> What the task requires: Write again exactly the lines in the listing below, starting at the line with "SAU LEE PIA SATIN GOWN" and ending at the line with "Long-Sleeved Cotton Jersey T-Shirt", both included. Pictures are not copied.

[Data in this exercise — start]

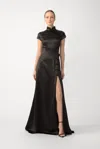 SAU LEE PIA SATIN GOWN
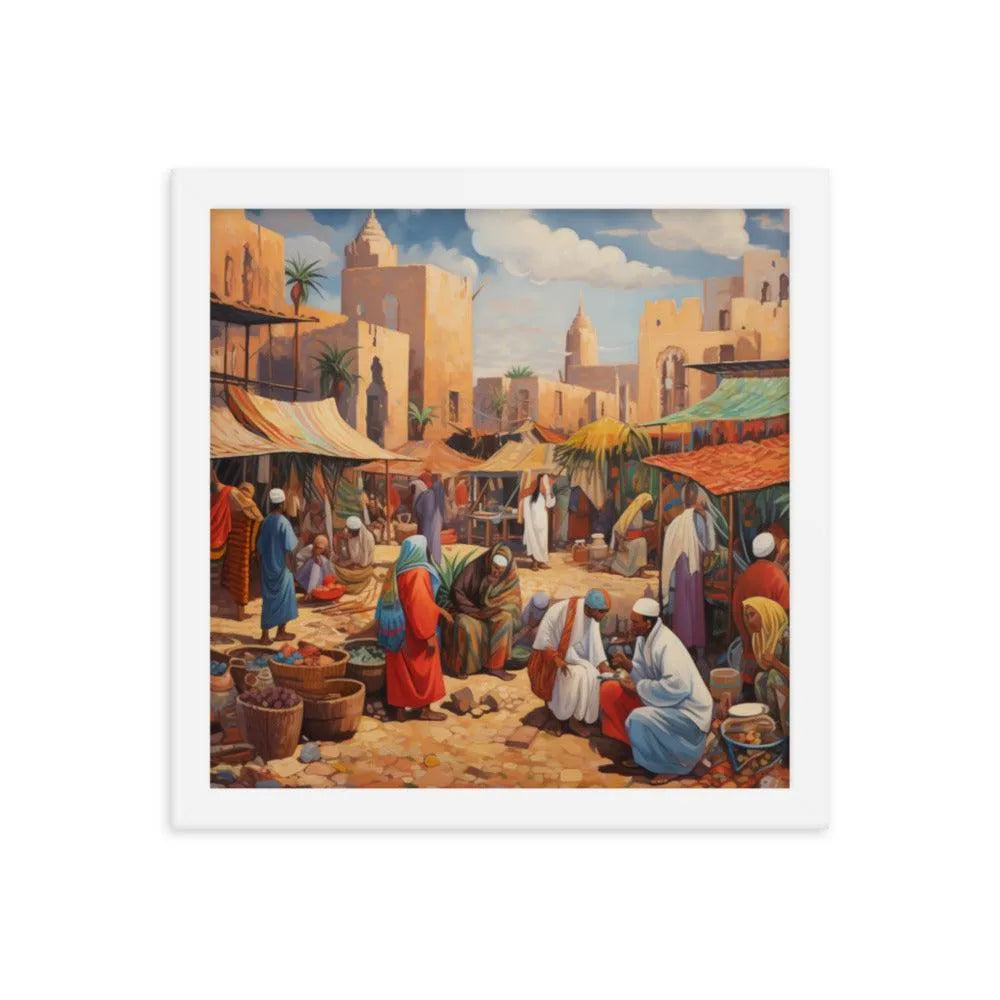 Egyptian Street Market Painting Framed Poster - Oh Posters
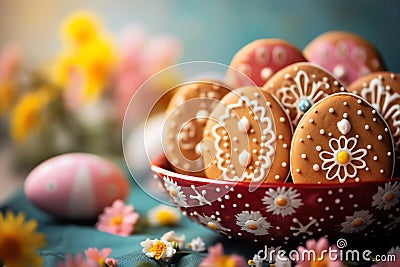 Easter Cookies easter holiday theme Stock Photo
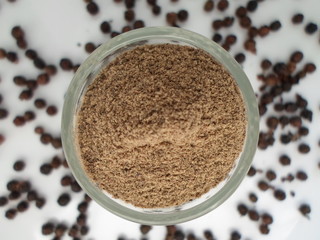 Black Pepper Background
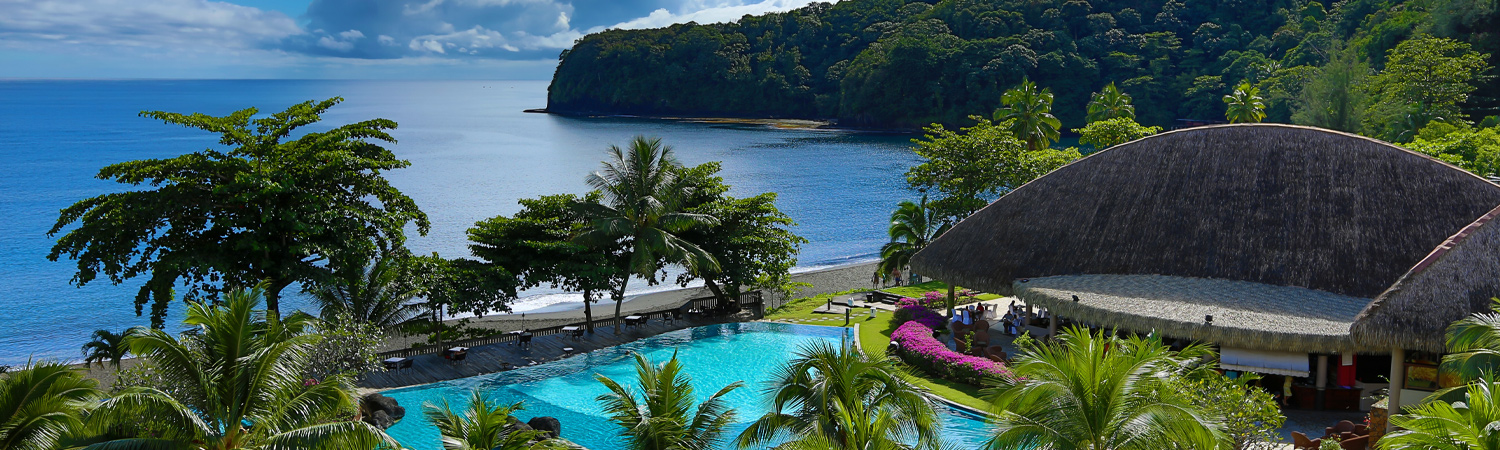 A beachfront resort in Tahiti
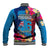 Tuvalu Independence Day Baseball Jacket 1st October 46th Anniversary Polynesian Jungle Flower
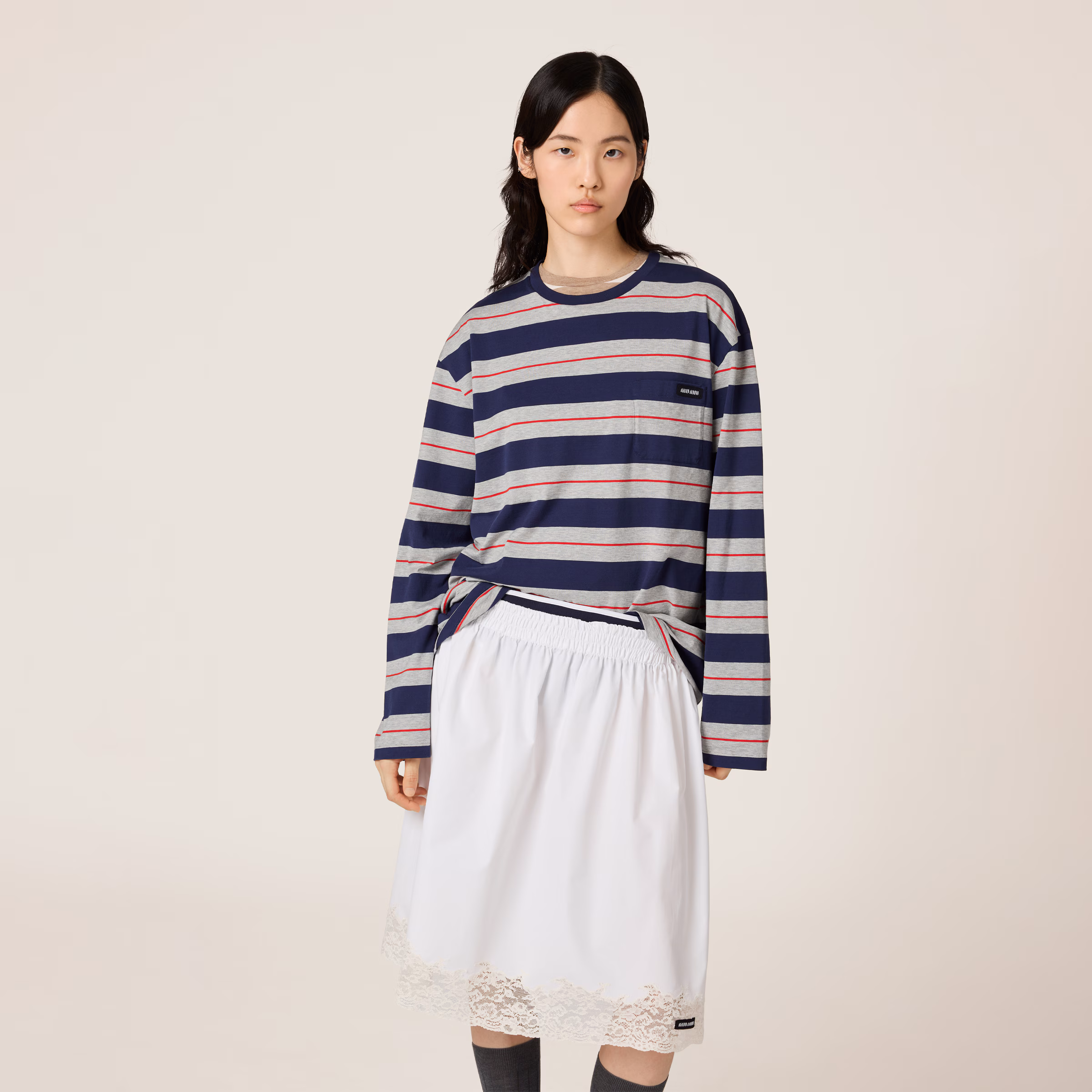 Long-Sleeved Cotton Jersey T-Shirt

[Data in this exercise — finish]
[Data in this exercise — start]

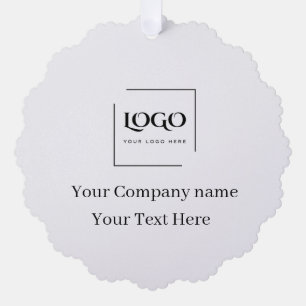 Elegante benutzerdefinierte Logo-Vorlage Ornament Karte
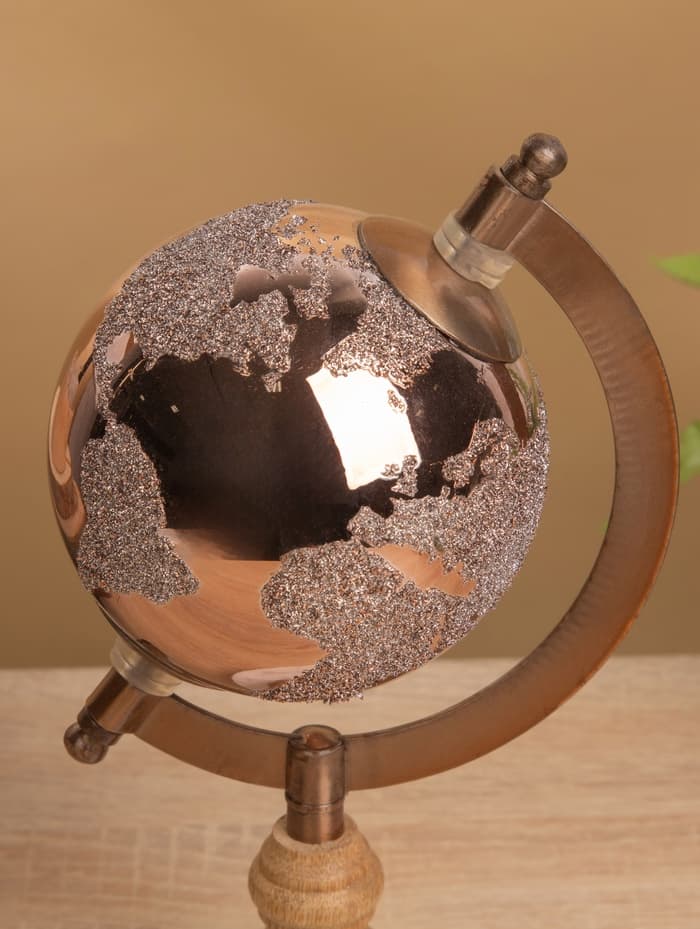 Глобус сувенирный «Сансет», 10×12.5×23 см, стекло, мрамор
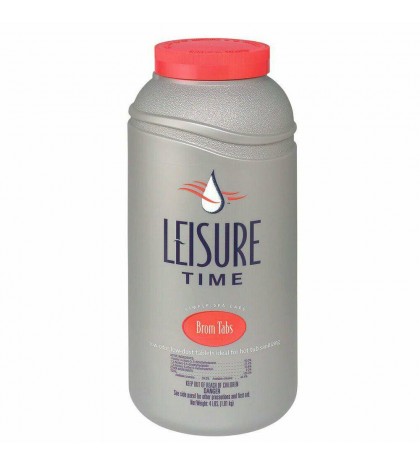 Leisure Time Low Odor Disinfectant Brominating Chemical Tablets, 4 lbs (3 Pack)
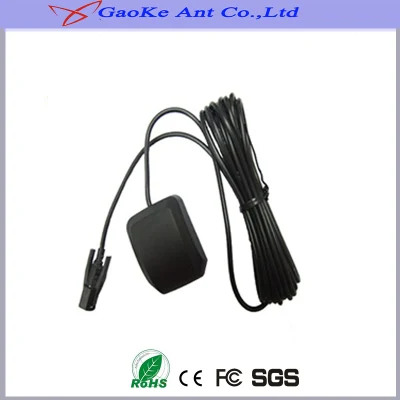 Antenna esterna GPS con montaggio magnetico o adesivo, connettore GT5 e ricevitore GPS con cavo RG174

[Data in this exercise — finish]

> Task solution:
 SAU LEE PIA SATIN GOWN
 Egyptian Street Market Painting Framed Poster - Oh Posters
 Easter Cookies easter holiday theme Stock Photo
 Black Pepper Background
 A beachfront resort in Tahiti
 Tuvalu Independence Day Baseball Jacket 1st October 46th Anniversary Polynesian Jungle Flower
 Long-Sleeved Cotton Jersey T-Shirt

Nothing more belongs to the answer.